Fear in trading can take many different shapes and forms. When traders experience streaks of losing trades the fear of losing will eventually kick in.
When a perfectly good and acceptable trade presents itself, the trader now starts to find excuses not to trade.
The fear of failure is another big one.
Having a fear of losing trades will cause all sorts of issues. This normally causes traders to exit losing trades too late and cutting winners too soon.
These emotions will also cause traders to abandon their risk and money management because they don’t know how to take a loss.
Losing is part of the game in trading. Being able to take a loss well is a very important skill every trader will need to learn.
Another tough emotion to deal with is the fear of missing out
Jumping in when there is no real trade. Seasoned traders have outgrown this fear simply because they have come to grips with the fact that no one trade will ever make them or break them.
This challenge is something I struggled with for quite some time in my own trading. It will be different for every trader, but this fear is something I still have challenges with to this day.
Most traders know that there is always an opportunity in the market if you just know where to look. This poses a problem for some because they feel like there is something happening that they are missing out of
The trader who has fully overcome this fear know there will always be more opportunities and thus do not worry about missing out on one trade.
Most beginner traders start their trading journeys with the wrong expectations.
They think they will be a millionaire trader in three months or less by trading. Don’t be silly!
These type of expectations will only cause harm in your trading. It is these type of expectations that cause traders to gravitate towards a gambling mentality in their trading.
You need to have realistic expectations for your trading. Some of the best investment funds in the world are very happy with 20% to 30% returns per year.
So don’t go expecting to make a 100% return every month. It is very naive and very dangerous to think like that in your trading.
Remember, there is a big difference between trading and gambling…
Another damaging expectation some have is that trading is easy. However, trading is not easy!
It takes people many years to become professional, proficient and consistently profitable traders. No one is going to do it in a few months.
It will take time. Trading skills take time to develop. The markets are complicated, intricate and sometimes downright confusing.

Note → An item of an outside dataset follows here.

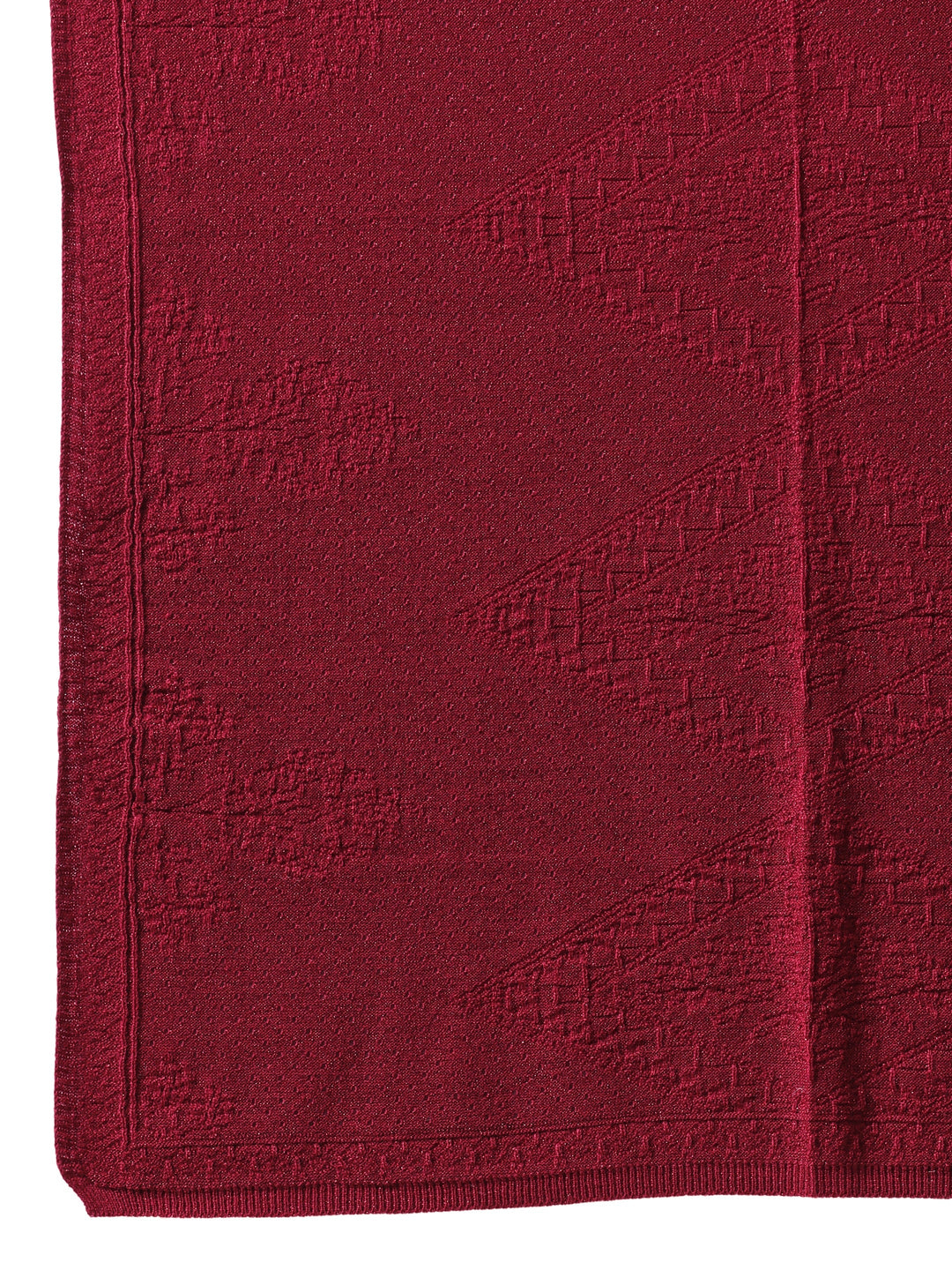  Libas Maroon Knitted Acrylic Wrap Shawl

You need to allow yourself the time to develop the required skills to make it as a successful trader in the long term.
Don’t expect to get rich quick and don’t expect trading to be easy.
#3 Learning from mistakes
Oh boy! This is another big one. This one sounds simple, but I guarantee you it’s not.
Most people do not take the time to learn from their mistakes. A big obstacle many traders face is they never work at fixing the things they struggle with.
You need to have the discipline to identify your weak points and actively work at fixing them.
This means, taking time out to meditate on your trading results. Taking time to really think about your trading mistakes and actively working at overcoming them.
The problem with this one is that it takes time. It takes energy. It takes will power. More importantly, it takes the willingness to CHANGE!
Most people are not willing to CHANGE. If you are not willing to change, you cannot expect yourself to make progress.
The process of change is something that keeps people away from success in life. Change opens the possibilities for so much more in life.
The willingness to change is an obstacle that might seem silly, but it can mean the difference between success and failure.
There is a big difference between what successful and unsuccessful traders want in trading.
Beginner traders want money, and they want lots of if in the least amount of time.
Contrastingly, successful traders simply want consistency…Think about that for a second.
Majority of retail traders get so distracted by their unquenching desire to make money fast. They don’t bother to focus on the process of trading, they simply want the end result.
This is a major problem for many traders. This is something we still struggle within our own trading. It’s normal to get carried away by the monetary advantage trading can bring you.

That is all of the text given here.